(Beginning of PROVIDED INFORMATION)

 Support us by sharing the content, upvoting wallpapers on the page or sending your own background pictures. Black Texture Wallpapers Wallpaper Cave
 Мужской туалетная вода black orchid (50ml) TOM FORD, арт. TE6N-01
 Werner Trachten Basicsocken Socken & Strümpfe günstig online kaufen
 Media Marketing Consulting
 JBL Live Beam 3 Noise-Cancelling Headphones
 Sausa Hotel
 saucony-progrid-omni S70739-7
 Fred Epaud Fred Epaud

(End of PROVIDED INFORMATION)
(Beginning of PROVIDED INFORMATION)

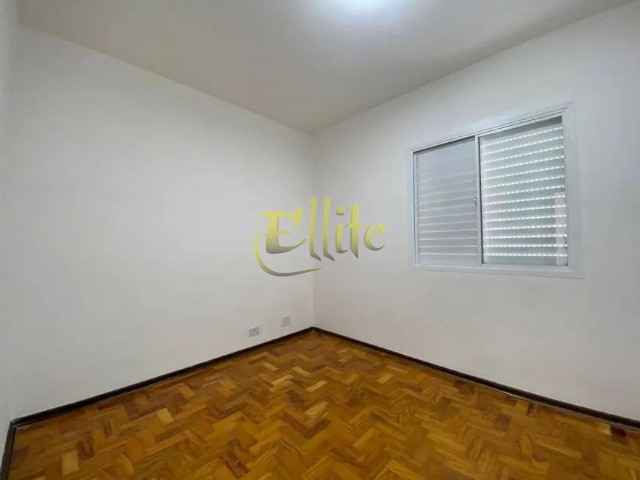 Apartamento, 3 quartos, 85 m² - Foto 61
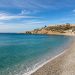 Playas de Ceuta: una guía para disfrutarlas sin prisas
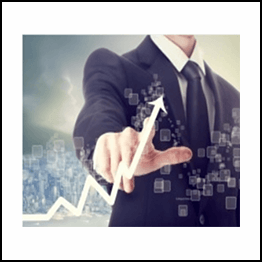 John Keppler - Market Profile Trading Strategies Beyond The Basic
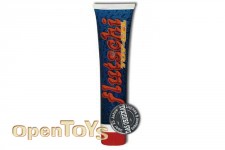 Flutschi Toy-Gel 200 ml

(End of PROVIDED INFORMATION)

→ WHAT TO WORK ON
Reproduce, word for word and in full, only the lines above that start at the line with "Support us by" and run through the line with "Werner Trachten Basicsocken", both ends included.

→ EXERCISE ANSWER
 Support us by sharing the content, upvoting wallpapers on the page or sending your own background pictures. Black Texture Wallpapers Wallpaper Cave
 Мужской туалетная вода black orchid (50ml) TOM FORD, арт. TE6N-01
 Werner Trachten Basicsocken Socken & Strümpfe günstig online kaufen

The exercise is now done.